Their politics is a joke, I remember Ms Abija on the hustings near Port Moresby, promising everyone who voted for her a fridge. It now has come down to rampant corruption.

I feel so sorry for the people I grew up with now deprived of a caring and benevelent country like Australia who was supplying services and the basis of civilisation. Roads, law and order, electricity, schools and employment.

I don't know what partof PNG you grew up in Examinator, you must have been too young or too insulated to realise the good the Australians did. The expats who came and went had no intention of exploiting anyone and I resent the implication you make.

Do you really think they were not treated fairly?
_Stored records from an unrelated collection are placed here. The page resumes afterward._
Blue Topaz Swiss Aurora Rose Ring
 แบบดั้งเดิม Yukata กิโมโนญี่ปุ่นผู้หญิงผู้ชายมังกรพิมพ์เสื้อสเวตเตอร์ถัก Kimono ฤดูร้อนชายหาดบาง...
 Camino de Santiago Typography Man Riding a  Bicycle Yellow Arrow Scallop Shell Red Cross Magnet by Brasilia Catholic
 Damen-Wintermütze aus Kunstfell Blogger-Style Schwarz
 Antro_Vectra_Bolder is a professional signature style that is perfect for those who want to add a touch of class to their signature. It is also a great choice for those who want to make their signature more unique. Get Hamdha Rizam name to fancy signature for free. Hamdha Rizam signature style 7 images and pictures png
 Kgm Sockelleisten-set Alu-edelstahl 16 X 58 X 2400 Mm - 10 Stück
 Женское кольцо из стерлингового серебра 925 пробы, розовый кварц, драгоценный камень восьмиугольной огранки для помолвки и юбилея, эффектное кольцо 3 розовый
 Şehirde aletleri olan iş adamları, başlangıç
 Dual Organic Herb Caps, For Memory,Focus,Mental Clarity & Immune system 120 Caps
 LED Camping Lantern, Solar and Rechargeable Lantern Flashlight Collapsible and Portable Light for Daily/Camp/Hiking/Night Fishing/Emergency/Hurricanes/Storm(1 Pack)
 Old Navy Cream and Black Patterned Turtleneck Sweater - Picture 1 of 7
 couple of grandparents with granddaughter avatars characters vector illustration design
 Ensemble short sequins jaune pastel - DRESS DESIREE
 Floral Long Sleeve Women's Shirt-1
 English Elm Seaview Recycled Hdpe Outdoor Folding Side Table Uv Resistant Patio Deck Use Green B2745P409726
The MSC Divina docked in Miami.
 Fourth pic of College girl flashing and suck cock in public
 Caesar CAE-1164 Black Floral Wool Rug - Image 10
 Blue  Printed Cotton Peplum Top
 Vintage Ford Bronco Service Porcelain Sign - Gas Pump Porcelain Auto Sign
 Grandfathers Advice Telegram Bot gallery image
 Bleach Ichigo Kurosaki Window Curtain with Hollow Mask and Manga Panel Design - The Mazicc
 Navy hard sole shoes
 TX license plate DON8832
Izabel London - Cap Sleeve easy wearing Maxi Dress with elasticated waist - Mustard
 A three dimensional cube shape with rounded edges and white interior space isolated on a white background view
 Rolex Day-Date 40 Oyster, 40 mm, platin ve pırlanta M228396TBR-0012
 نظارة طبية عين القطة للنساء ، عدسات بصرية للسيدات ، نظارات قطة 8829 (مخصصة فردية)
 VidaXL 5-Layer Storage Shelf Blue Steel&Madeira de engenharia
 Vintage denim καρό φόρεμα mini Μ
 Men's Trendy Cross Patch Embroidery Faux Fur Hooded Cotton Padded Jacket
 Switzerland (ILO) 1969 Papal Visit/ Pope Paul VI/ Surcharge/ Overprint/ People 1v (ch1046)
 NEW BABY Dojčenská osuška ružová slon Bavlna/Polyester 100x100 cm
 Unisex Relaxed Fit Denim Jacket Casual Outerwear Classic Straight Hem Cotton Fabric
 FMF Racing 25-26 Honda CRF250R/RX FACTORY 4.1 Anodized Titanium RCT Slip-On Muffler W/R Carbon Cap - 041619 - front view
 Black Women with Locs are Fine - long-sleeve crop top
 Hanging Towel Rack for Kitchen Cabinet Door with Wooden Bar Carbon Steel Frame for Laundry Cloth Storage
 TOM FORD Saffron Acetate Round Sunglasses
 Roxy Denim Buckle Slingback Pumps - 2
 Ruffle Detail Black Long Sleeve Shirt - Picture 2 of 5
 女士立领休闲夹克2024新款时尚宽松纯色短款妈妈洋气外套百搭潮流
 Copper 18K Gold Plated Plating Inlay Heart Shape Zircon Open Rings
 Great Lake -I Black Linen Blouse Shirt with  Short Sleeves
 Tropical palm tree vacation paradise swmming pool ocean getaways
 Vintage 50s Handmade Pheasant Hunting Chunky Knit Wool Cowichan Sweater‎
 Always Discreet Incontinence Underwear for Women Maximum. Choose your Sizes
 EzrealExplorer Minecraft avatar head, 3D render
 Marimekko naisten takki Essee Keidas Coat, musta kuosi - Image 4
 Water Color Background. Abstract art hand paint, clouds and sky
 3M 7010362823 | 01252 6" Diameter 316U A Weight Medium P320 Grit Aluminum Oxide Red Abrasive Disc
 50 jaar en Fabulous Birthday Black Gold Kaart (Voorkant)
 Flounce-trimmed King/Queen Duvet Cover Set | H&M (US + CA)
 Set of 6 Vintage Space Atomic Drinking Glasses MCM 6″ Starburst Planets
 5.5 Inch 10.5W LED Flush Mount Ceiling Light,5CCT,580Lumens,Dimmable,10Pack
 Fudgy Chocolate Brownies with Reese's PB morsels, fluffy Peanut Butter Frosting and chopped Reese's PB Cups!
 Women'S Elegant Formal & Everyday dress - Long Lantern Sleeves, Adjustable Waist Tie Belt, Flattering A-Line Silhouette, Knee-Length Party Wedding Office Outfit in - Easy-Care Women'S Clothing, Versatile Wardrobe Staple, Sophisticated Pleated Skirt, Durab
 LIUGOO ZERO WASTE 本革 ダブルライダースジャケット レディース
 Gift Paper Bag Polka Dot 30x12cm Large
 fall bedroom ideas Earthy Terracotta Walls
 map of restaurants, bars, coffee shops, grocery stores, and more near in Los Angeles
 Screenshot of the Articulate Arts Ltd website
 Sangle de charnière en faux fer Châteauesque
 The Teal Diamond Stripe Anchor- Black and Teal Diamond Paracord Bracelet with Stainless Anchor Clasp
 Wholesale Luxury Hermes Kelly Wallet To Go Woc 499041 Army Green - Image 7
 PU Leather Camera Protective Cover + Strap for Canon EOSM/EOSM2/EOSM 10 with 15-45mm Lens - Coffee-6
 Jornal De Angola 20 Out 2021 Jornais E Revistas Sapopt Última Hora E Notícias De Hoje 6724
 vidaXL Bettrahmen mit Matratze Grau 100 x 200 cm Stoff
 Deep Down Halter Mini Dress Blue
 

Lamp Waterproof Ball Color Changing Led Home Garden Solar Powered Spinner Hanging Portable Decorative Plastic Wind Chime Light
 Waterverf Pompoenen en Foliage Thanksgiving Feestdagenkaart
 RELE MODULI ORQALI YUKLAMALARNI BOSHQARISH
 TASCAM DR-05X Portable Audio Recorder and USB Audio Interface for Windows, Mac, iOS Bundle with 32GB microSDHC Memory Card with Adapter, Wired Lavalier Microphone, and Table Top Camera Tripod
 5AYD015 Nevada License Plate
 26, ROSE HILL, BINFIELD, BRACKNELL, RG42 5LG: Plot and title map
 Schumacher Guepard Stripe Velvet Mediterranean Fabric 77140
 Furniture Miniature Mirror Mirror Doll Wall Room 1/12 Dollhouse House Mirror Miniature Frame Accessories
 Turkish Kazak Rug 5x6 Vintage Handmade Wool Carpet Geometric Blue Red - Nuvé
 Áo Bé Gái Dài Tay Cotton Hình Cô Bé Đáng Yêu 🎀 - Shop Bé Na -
What an incredibly immature and pompus attitude to people who went there to nation build and were undermined by fools like Gough Whitlam.

Did you catch that in my earlier post - that should have been the giveaway that it was obvious it was administered by Australia, but in your haste to chide you missed it, typical of your style.

Here it is again, read carefully this time "Whitlam did a whistle stop tour of PNG before he was elected and became an instant expert, and promised immediate independence if elected."

"immediate independence", I'll translate for you, we were governing!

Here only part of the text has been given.